Barnes learned of a $25,000 grant offered to Massachusetts police departments in 2014 to cover startup expenses that come with having a K-9 unit. The grant provided enough cash for three years including paying to buy the dog, training, kennel facilities at the officer’s home, equipment for a police cruiser, food and veterinary care.
But Barnes made the money stretch an extra year, he said.
“I found ways to get things donated,” he said. “I got the kennel in the cruiser donated from the Massachusetts State Police and saved the town $3,000.”
Barnes said he would forgo pay in order to keep the animal, but the chief said the decision was not negotiable.

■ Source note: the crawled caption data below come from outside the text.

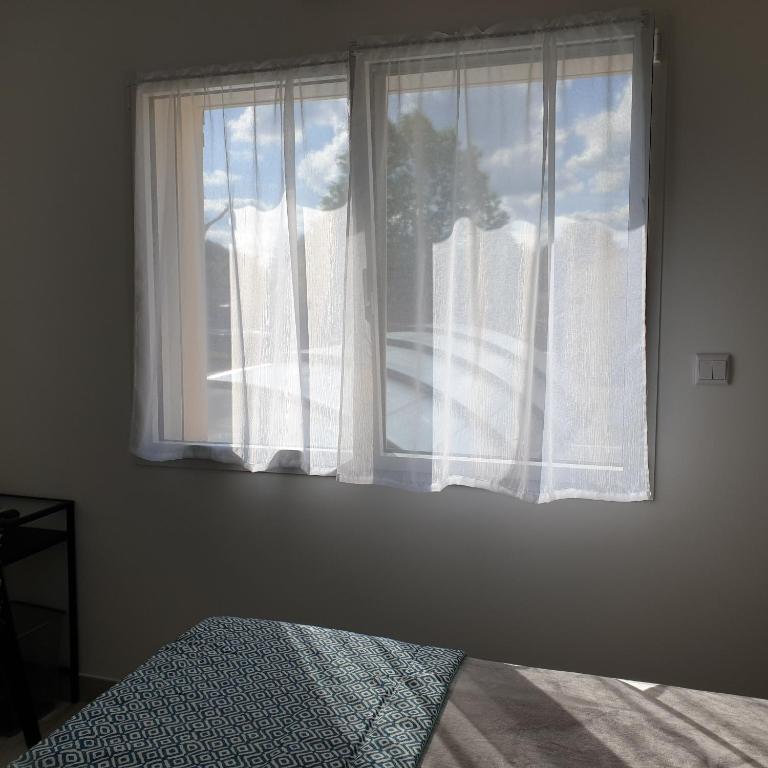 Chez les J-FOLAIS -Les Epesses - 3 kms Puy duFou - Two-Bedroom Suite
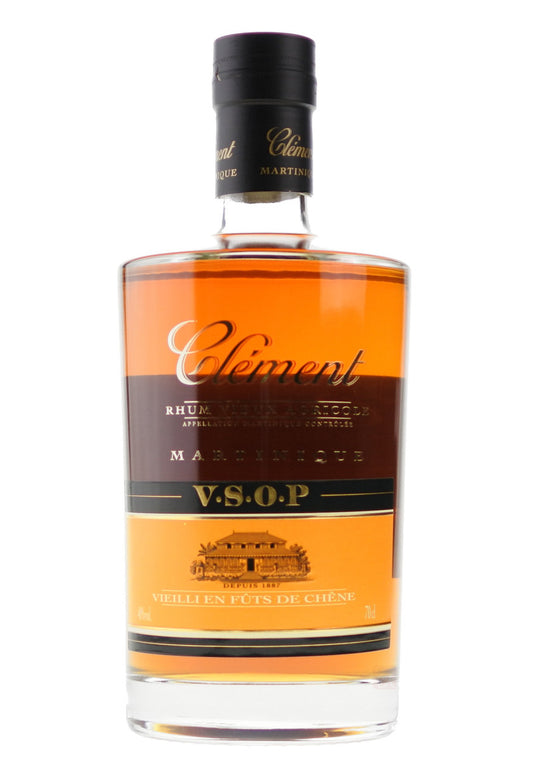 Clément VSOP (Vieux Agricole) 40°, 70cl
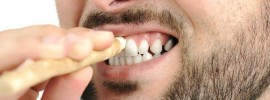 Siwak for Whitening Teeth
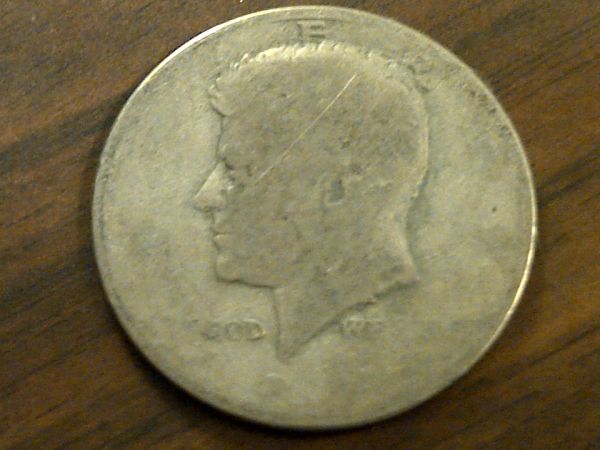 JFK-Half-Dollar-Roll-Hunters:-Silver,-Proofs-And-Other-Finds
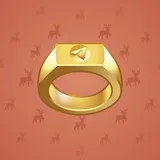 Signet Ring #269 Signet Ring #269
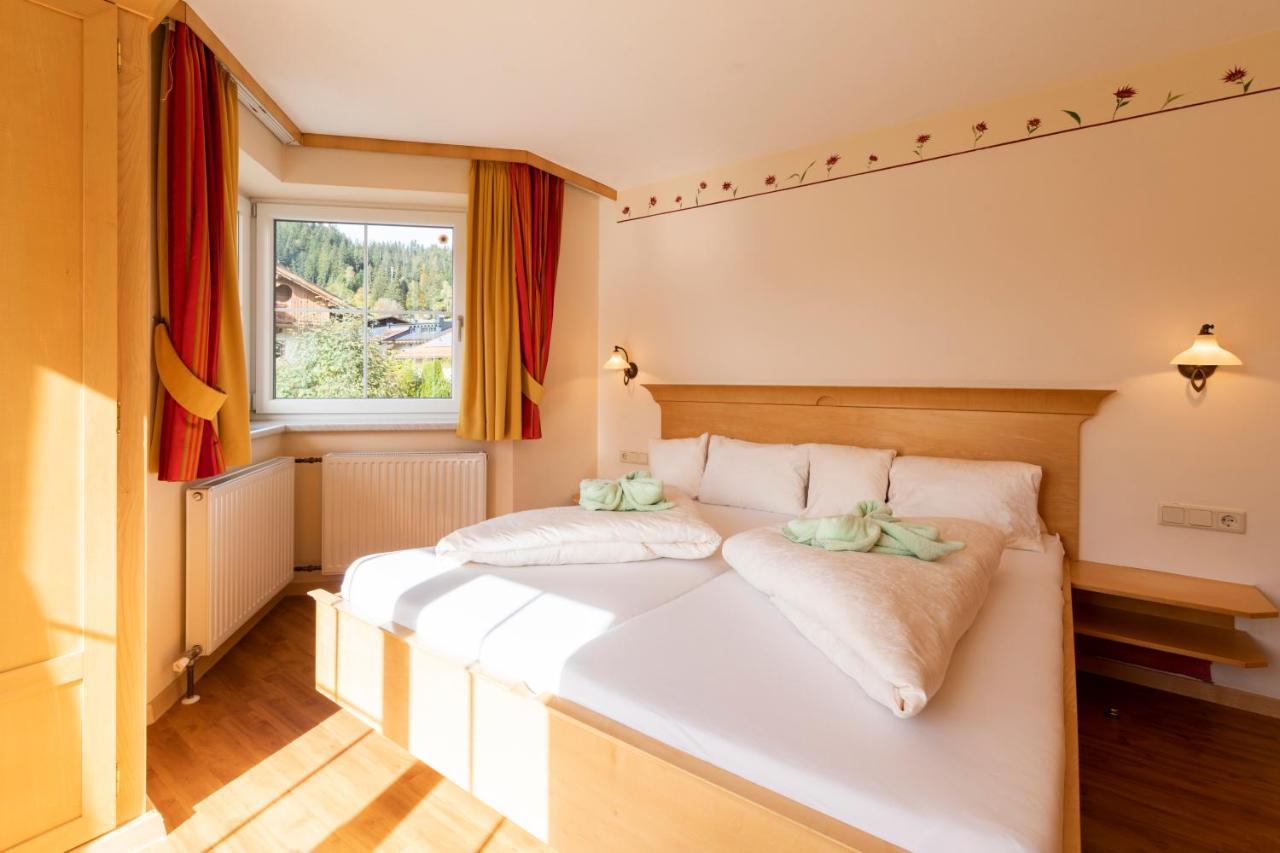 Residenz Theresa Söll Esterno foto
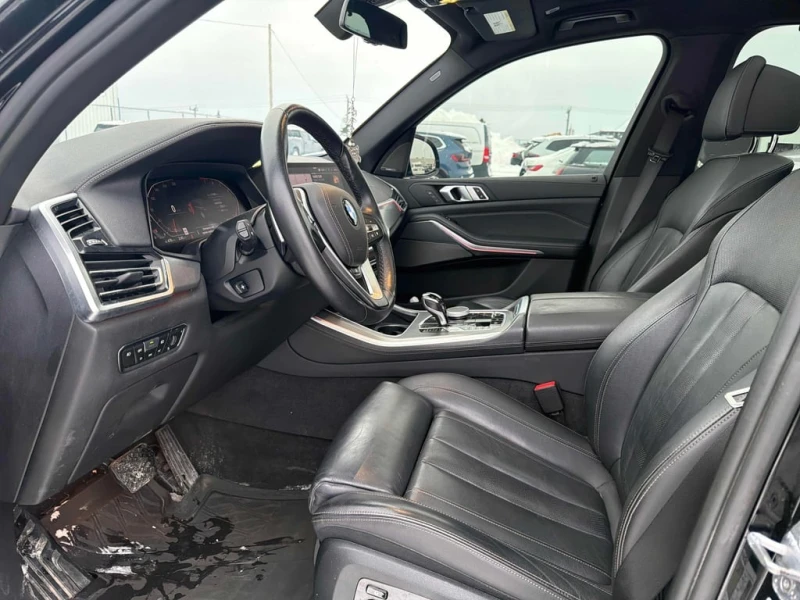 BMW X5 * xDrive40i * CARFAX * ЦЕНА ДО БГ, снимка 5 - Автомобили и джипове - 53014165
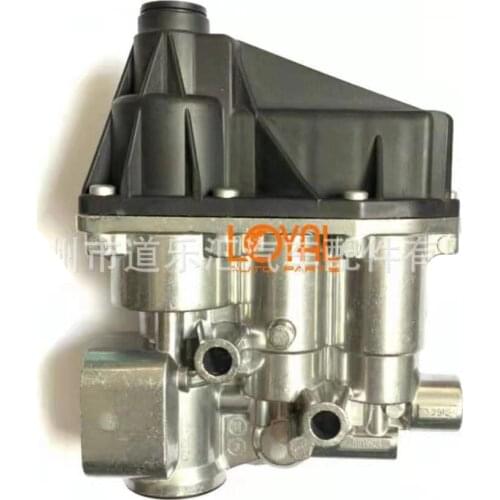 1850567 1442278 1736364 Working cylinder solenoid valve for Scania truck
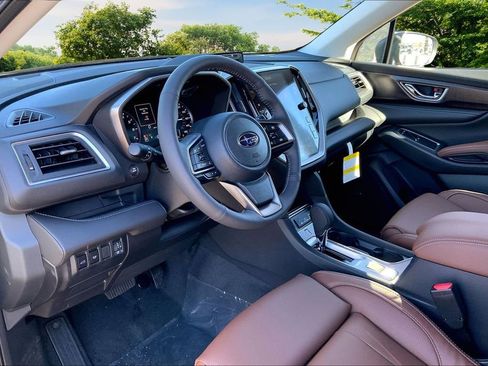 New 2026 Subaru Ascent Touring image 7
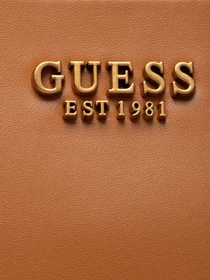 Сумки GUESS модель HWVB85-58020-COG Фото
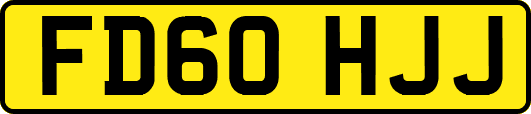 FD60HJJ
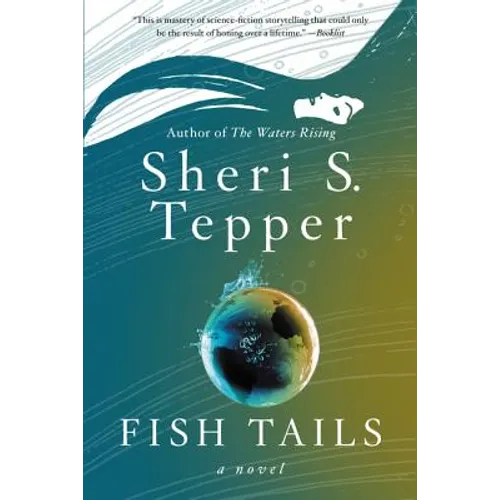 Fish Tails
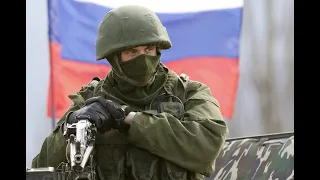 Отбор кандидатов для включения в мобилизационный резерв Вооруженных Сил РФ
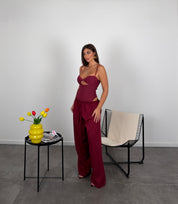 Pantalone Comodo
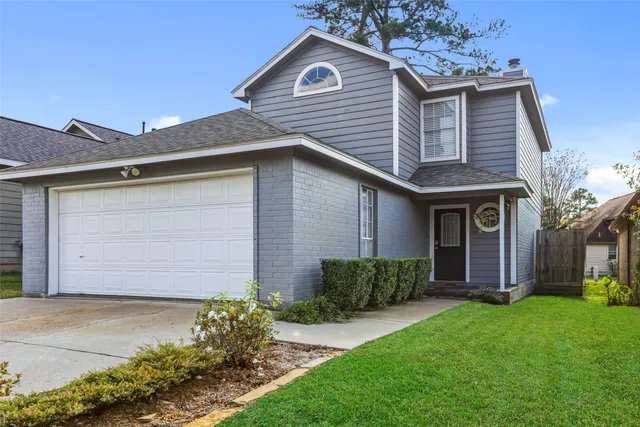 $1,850 | 14861 Altair Court, Willis, TX 77318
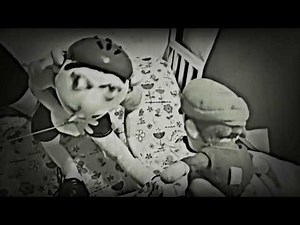 SML Movie: Jeffy Sleepwalks Haunt G Major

“It’s tough to see a program get cut,” said Barnes, 51. “It came as quite a shock. I understand budgetary constraints and not every town needs a dog, I get it. But Lynnfield committed to the program, put thousands of hours of training in to the point where the dog is at his prime.”
Still, Dolan insists the dog isn’t free.
“There are expenses associated with it,” he said. “When a grant expires, you have to determine if there’s a better way to provide this service. The need for a dog in Lynnfield is minimal. We had a great experience with it, but there are other ways to have the same service.”
Barnes said when Ace arrived on the force five years ago, the K-9 was a year old. He was trained to do searches, apprehensions and officer protection.
“He can pick up the odor of a drug in a closed vehicle from outside, and it can be just a half a gram,” he said.
K-9s typically live with the officer they are teamed with and Ace was no exception. Ace has a kennel in Barnes’ backyard.
Belgian Malinois, or “Mals” as they are called, serve as bomb-sniffers in Iraq and Afghanistan. Of the six members of the elite U.S. Navy Seals team who descended on Osama Bin Laden’s Pakistan home to kill him in 2011, only one name was revealed: Cairo, a Belgian Malinois, according to news reports.
“Having a dog is one of the best tools out there,” Barnes said.
They have used Ace to find missing persons, do drug searches; in Wakefield a few years ago, police requested assistance after a man assaulted an officer and fled.
“Ace found him under a bush in 10 minutes,” he said “It would have taken 10 officers three hours to find the guy.”
In another case, a 7-year-old Lynnfield boy went missing and he was found by Ace within minutes hiding in the family’s backyard.
“Having a dog is an amazing tool,” he said.
Barnes started his law enforcement career at the Peabody Police Department in 1997 and joined the Lynnfield force in 2014 where he works the overnight shift.
Barnes served in the U.S. Navy during the Gulf War in 1986. After his tour of duty, he left. But returned to serve in the U.S. Army.
“I liked the military and police work is very similar,” he said. “It’s a way to serve the community. Most of my calls are helping people in Lynnfield.”